Some important matrices for a graph $G=(V,E)$ are the following

Adjacency matrix: This matrix $A$ denotes the adjacency between vertices. It is a $|V|\times|V|$ matrix and its entries $a_{ij}$ are defined as $$a_{ij}:=\begin{cases} 1 & \text{if $(v_i,v_j)\in E$} \\ 0 & \text{otherwise} \end{cases}. $$ Notice that if $G$ is undirected $A$ is symmetric. Taking the power $A^k$ gives you a matrix that denotes the number of paths from $v_i$ to $v_j$ at entry $i,j$.

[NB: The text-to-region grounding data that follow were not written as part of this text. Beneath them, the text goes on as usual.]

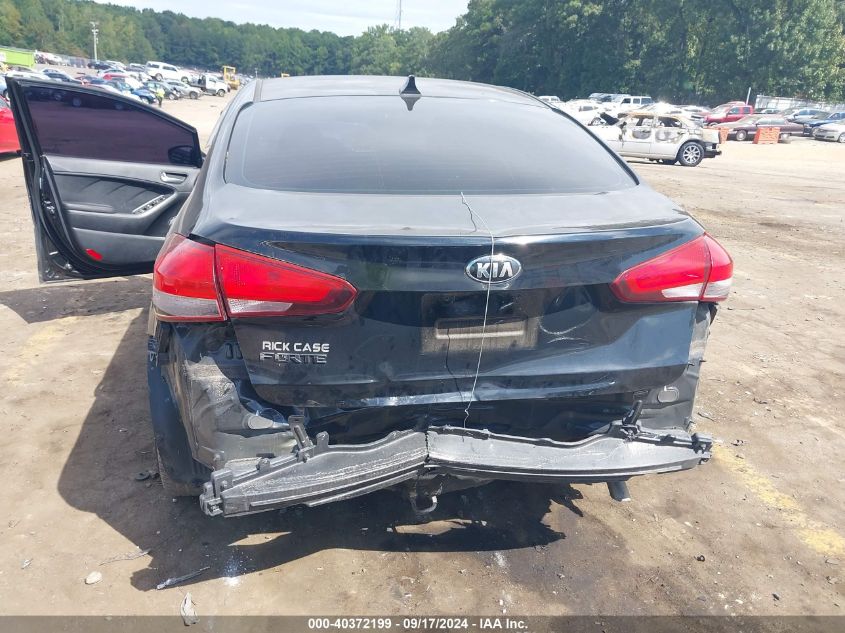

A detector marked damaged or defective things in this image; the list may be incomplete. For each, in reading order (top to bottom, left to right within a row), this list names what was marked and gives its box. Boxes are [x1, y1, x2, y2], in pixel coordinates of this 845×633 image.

parked damaged vehicle [588, 111, 720, 167]
damaged black sedan [8, 76, 732, 516]
parked damaged vehicle [8, 75, 732, 520]
bent chassis [199, 418, 712, 516]
crushed rear bumper [199, 422, 712, 516] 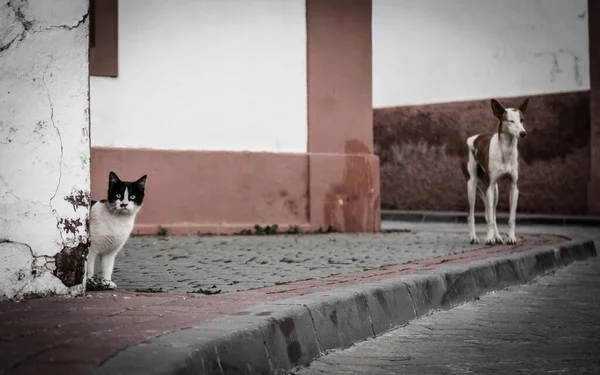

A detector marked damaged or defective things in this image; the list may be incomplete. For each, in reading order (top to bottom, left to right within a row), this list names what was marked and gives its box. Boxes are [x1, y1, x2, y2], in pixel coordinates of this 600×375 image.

cracked plaster wall [0, 0, 90, 302]
cracked plaster wall [376, 0, 592, 107] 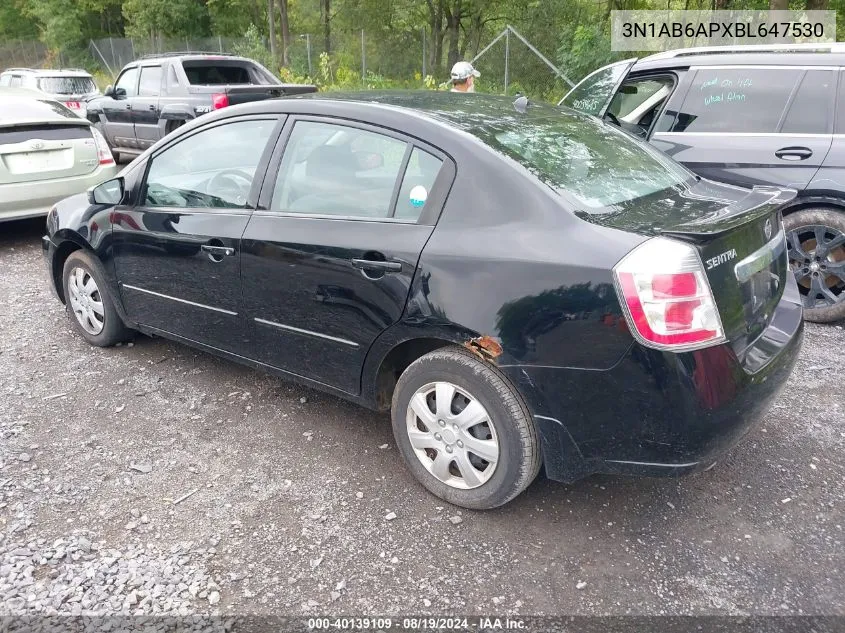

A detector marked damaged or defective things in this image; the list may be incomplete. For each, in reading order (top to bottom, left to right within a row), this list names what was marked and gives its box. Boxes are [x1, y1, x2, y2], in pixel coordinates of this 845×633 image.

rust spot [462, 334, 502, 362] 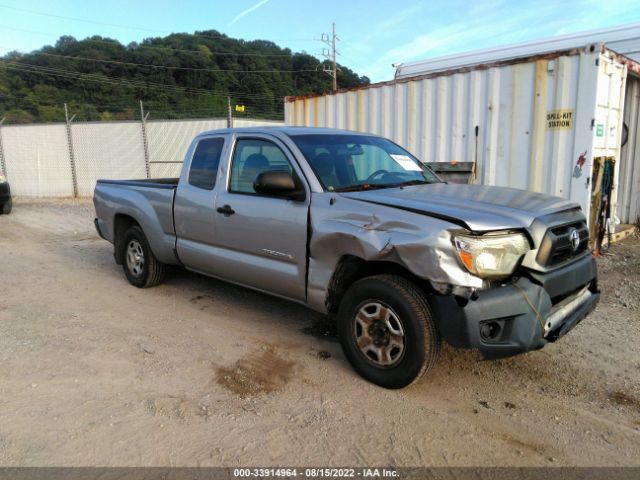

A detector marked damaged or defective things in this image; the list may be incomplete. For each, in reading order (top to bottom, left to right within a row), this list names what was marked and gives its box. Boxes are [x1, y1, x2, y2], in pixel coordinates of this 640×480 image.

crumpled hood [340, 183, 580, 232] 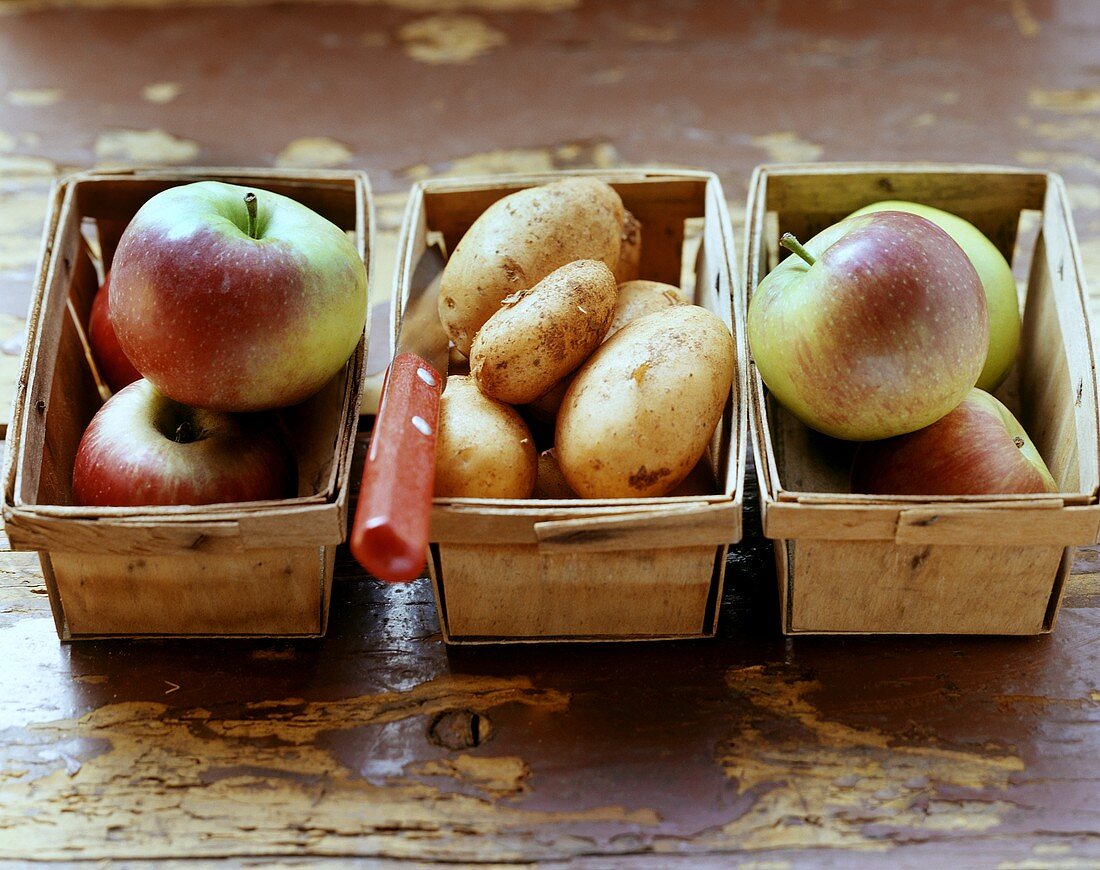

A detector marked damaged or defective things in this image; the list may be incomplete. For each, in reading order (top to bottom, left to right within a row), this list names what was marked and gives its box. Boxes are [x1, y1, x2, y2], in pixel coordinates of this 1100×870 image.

peeling paint [398, 13, 508, 64]
peeling paint [4, 88, 62, 107]
peeling paint [141, 81, 182, 103]
peeling paint [94, 128, 200, 166]
peeling paint [271, 136, 349, 168]
peeling paint [752, 131, 822, 163] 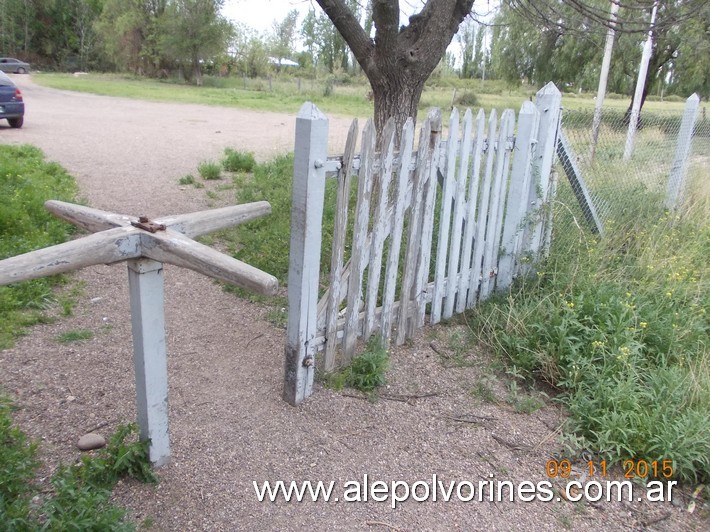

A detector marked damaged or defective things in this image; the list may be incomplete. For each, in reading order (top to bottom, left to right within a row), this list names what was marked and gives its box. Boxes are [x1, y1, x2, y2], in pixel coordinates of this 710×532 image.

rusty metal bracket [131, 216, 167, 233]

Laplacian matrix: For this matrix $L$ consider the diagonal matrix $D=\text{diag}(d_1,d_2,\ldots)$, for $d_i$ being the vertex degree of $v_i$. Then $L:=D-A$. The matrix $L$ is the most important object studied is spectral graph theory. It has many nice properties, for example its cofactors give the number of spanning trees of $G$. There is also a normalized version of the Laplace matrix.

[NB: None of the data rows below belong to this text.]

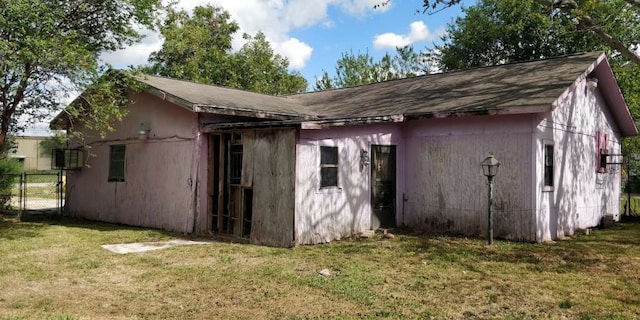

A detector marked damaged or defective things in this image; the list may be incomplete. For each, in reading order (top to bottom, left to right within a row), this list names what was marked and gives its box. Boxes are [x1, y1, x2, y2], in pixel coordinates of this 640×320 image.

peeling paint wall [66, 92, 199, 232]
peeling paint wall [296, 124, 404, 244]
peeling paint wall [404, 114, 536, 240]
peeling paint wall [536, 79, 624, 241] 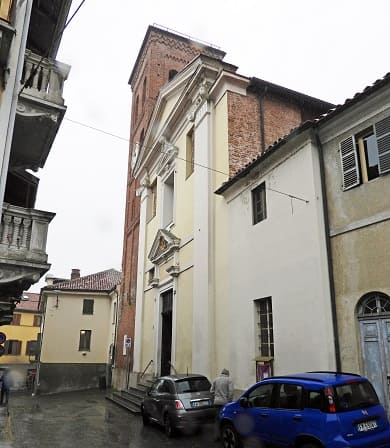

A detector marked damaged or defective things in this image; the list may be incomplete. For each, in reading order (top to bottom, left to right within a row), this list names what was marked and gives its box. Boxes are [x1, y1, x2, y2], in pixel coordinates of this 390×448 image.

broken pediment [148, 229, 181, 264] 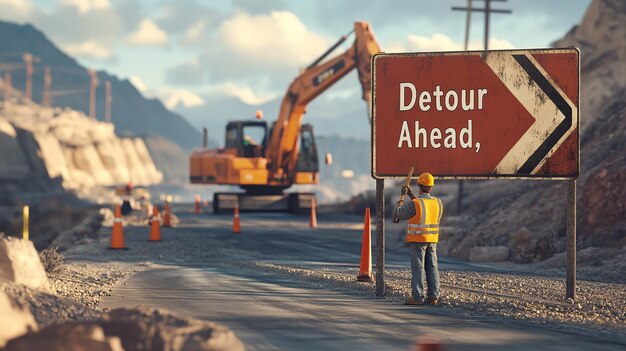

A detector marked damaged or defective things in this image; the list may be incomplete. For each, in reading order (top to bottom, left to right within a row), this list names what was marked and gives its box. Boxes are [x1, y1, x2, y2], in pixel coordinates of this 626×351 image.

rusty metal road sign [370, 48, 580, 180] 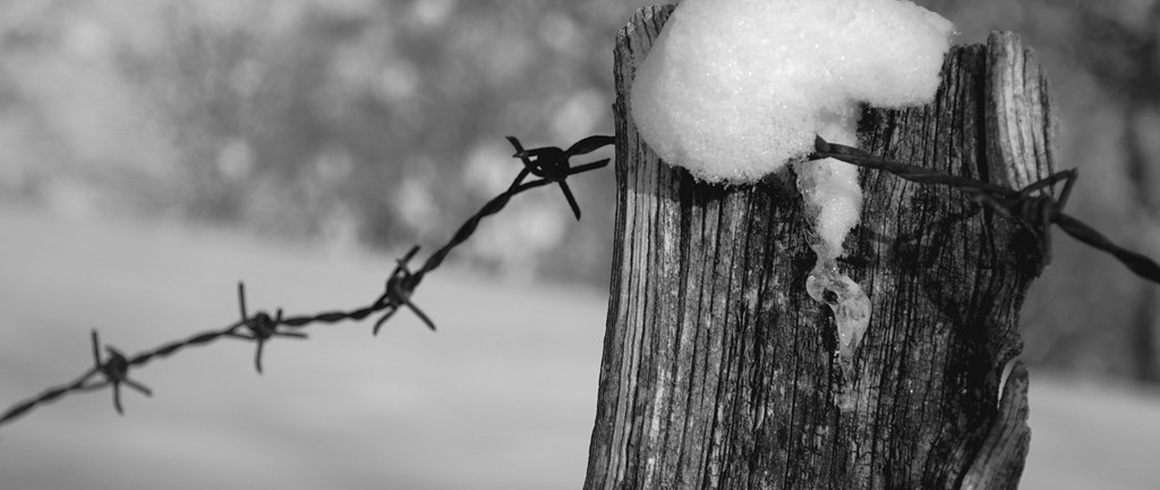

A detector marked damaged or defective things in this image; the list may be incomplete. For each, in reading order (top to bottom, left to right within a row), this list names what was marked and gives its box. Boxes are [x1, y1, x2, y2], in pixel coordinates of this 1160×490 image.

rusty wire [0, 134, 617, 429]
rusty wire [812, 135, 1160, 283] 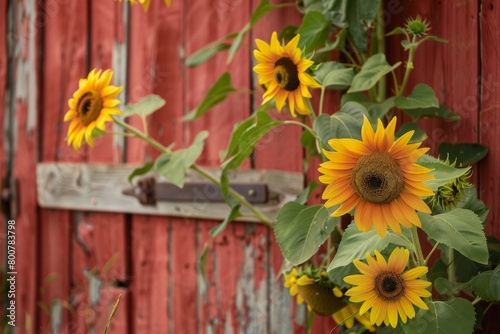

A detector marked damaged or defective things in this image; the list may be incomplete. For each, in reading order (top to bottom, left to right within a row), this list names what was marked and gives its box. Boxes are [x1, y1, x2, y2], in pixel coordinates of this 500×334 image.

rusty metal hinge [0, 177, 18, 219]
rusty metal hinge [122, 176, 268, 205] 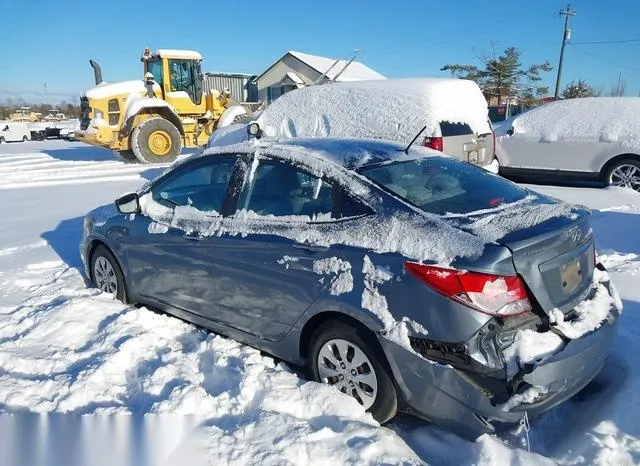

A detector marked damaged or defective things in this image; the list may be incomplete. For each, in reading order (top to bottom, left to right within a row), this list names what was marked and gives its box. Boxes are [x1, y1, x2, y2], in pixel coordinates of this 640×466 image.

broken tail light lens [408, 262, 532, 316]
damaged rear bumper [380, 266, 620, 440]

Incidence matrix: This is a $|V|\times |E|$ matrix $B$, whose entries $b_{ij}$ ar defined as $|V|\times|V|$ matrix and its entries $a_{ij}$ as $$b_{ij}:=\begin{cases} 1 & \text{if $v_i\in $V$$ is incident to $e_j\in E$} \\ 0 & \text{otherwise} \end{cases} $$ Sometimes you consider incidence matrices $\vec{B}$ for Graphs with oriented edges. In this case you would change the $1$ entries to $-1$ if the edge points away from a vertex. Notice that Notice that $\vec{ B}\, \vec{B}^T=L$.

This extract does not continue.